Saturday, 21 January 2017

Patons Everyday Moments: The Creative Collection


Once I started to knit, my likes and dislikes changed. I used to hate the look of cabling - until I started a pair of socks with little cables in it. I still enjoy them now and think cabling is wonderfully versatile. My experience with tweed has been similar. Before I became a knitter, I disliked the tweed look and didn't understand why so many people loved it. It looked too rugged to me and, as far as I could tell from my limited experience, it didn't even feel nice. Yet once I encountered all sorts of yarn over the years, I began to yearn for some tweed, too. Now I finally have a hand-dyed hank of tweed sock yarn in my stash that a friend made especially for me and I am trying to think of something nice to knit it into. I think it is fair to assume it will be socks, but I haven't settled on a pattern yet.

Patons Everyday Moments: The Creative Collection (sent to me for review by Laughing Hens) is a small collection of 8 patterns using Patons Tweed Style yarn. This yarn consists of 50% pure wool and 50% acrylic and comes in 14 different colours. If tweed is your thing, have a look at this pattern collection and something just might catch your eye.


Among the 8 options, you will find 2 hat and cowl sets (one for him and one for her), a poncho for her, a coat for her and a jacket for him, and 3 pullovers.  They all look very cosy and just right for the kind of weather we are having right now. Due to the thickness of the yarn there isn't any lace in this collection, but you have interesting cabling and straightforward stocking stitch. 

I can well imagine knitting one of the jumpers or the jacket for Mark, actually, though there are no patterns I would knit for myself - I'm just picky like that.
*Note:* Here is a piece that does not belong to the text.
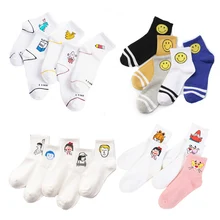 5 пар, женские хлопковые носки с героями мультфильмов, Harajuku, женские милые носки унисекс для скейтбординга, хипстерские модные носки с принтом животных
Though I have to say the lady's pullover with cabling does interest me because it reminds me of the Icon Dress and Traveller Tunic. I have been tempted by the latter especially.


The instructions are laid out clearly and are mainly written. There are some charts for cables as well as diagrams to help with shaping and blocking. The measurements for individual parts of the garments are listed in a table for all sizes so you always know how your finished piece should measure up. (Also great for any modifications you may need to make.) At the beginning of the pattern, you find all necessary tools and materials, basic stitches, sizing and tension information, and abbreviations so you can prepare for what you're getting yourself into.

Have you used a Patons pattern before? How did you get on with it? And is there anything you're tempted by in this particular collection? Let me know!

Disclosure: This pattern collection was sent to me free of charge by Laughing Hens in exchange for a review. My opinions are impartial and honest and I do not receive monetary compensation for my post.

2 comments:

  1. I grew up on Patons patterns -- their two-needle mitten pattern is still my go-to when I need something basic. I've been making it since I was 12.

    I agree with you about the clear writing -- they're very beginner-friendly. The only thing is say is that design-wise they're at best basic/classic and at worst clumsy/ugly. Some of that has to do with the art direction -- I love the cardigan in the second photo, but the rest of the model's outfit seems at odds with it. As with a lot of knitting stuff, you have to filter out the presentation and focus on the design.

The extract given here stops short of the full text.